▶ [Exercise materials]
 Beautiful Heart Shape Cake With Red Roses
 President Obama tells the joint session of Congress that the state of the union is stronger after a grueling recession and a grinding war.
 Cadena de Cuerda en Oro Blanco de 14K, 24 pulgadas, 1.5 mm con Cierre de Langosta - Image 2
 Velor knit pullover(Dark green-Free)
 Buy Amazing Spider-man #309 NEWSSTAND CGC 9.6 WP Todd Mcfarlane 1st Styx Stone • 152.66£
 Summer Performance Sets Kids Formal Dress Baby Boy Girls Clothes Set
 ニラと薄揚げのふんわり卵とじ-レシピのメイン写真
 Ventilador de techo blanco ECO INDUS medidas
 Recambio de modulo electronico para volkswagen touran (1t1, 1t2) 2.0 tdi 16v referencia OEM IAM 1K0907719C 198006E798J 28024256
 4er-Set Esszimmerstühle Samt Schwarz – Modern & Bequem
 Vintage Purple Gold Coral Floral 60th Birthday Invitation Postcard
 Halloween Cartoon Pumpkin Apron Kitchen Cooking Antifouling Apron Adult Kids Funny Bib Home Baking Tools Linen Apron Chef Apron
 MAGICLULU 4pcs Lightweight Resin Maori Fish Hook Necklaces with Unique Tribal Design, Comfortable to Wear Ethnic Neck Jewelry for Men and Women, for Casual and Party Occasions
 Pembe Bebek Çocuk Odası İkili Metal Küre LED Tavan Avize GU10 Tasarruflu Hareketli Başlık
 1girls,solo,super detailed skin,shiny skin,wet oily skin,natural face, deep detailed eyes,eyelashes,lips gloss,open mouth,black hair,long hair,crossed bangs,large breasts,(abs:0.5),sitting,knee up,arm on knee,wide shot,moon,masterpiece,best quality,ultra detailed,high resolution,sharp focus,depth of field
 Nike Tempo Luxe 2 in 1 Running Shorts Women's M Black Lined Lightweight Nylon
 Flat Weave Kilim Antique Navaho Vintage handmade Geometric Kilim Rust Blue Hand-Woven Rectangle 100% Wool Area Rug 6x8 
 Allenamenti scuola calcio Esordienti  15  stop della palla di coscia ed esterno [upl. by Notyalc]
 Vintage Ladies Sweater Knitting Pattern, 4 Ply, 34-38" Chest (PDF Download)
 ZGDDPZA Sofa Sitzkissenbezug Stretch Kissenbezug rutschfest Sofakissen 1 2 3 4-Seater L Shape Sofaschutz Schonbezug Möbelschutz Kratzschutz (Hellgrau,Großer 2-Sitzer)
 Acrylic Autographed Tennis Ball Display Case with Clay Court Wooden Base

▶ [What you should do] Reproduce all of the records precisely. No word may differ.

▶ [Response to the exercise]
 Beautiful Heart Shape Cake With Red Roses
 President Obama tells the joint session of Congress that the state of the union is stronger after a grueling recession and a grinding war.
 Cadena de Cuerda en Oro Blanco de 14K, 24 pulgadas, 1.5 mm con Cierre de Langosta - Image 2
 Velor knit pullover(Dark green-Free)
 Buy Amazing Spider-man #309 NEWSSTAND CGC 9.6 WP Todd Mcfarlane 1st Styx Stone • 152.66£
 Summer Performance Sets Kids Formal Dress Baby Boy Girls Clothes Set
 ニラと薄揚げのふんわり卵とじ-レシピのメイン写真
 Ventilador de techo blanco ECO INDUS medidas
 Recambio de modulo electronico para volkswagen touran (1t1, 1t2) 2.0 tdi 16v referencia OEM IAM 1K0907719C 198006E798J 28024256
 4er-Set Esszimmerstühle Samt Schwarz – Modern & Bequem
 Vintage Purple Gold Coral Floral 60th Birthday Invitation Postcard
 Halloween Cartoon Pumpkin Apron Kitchen Cooking Antifouling Apron Adult Kids Funny Bib Home Baking Tools Linen Apron Chef Apron
 MAGICLULU 4pcs Lightweight Resin Maori Fish Hook Necklaces with Unique Tribal Design, Comfortable to Wear Ethnic Neck Jewelry for Men and Women, for Casual and Party Occasions
 Pembe Bebek Çocuk Odası İkili Metal Küre LED Tavan Avize GU10 Tasarruflu Hareketli Başlık
 1girls,solo,super detailed skin,shiny skin,wet oily skin,natural face, deep detailed eyes,eyelashes,lips gloss,open mouth,black hair,long hair,crossed bangs,large breasts,(abs:0.5),sitting,knee up,arm on knee,wide shot,moon,masterpiece,best quality,ultra detailed,high resolution,sharp focus,depth of field
 Nike Tempo Luxe 2 in 1 Running Shorts Women's M Black Lined Lightweight Nylon
 Flat Weave Kilim Antique Navaho Vintage handmade Geometric Kilim Rust Blue Hand-Woven Rectangle 100% Wool Area Rug 6x8 
 Allenamenti scuola calcio Esordienti  15  stop della palla di coscia ed esterno [upl. by Notyalc]
 Vintage Ladies Sweater Knitting Pattern, 4 Ply, 34-38" Chest (PDF Download)
 ZGDDPZA Sofa Sitzkissenbezug Stretch Kissenbezug rutschfest Sofakissen 1 2 3 4-Seater L Shape Sofaschutz Schonbezug Möbelschutz Kratzschutz (Hellgrau,Großer 2-Sitzer)
 Acrylic Autographed Tennis Ball Display Case with Clay Court Wooden Base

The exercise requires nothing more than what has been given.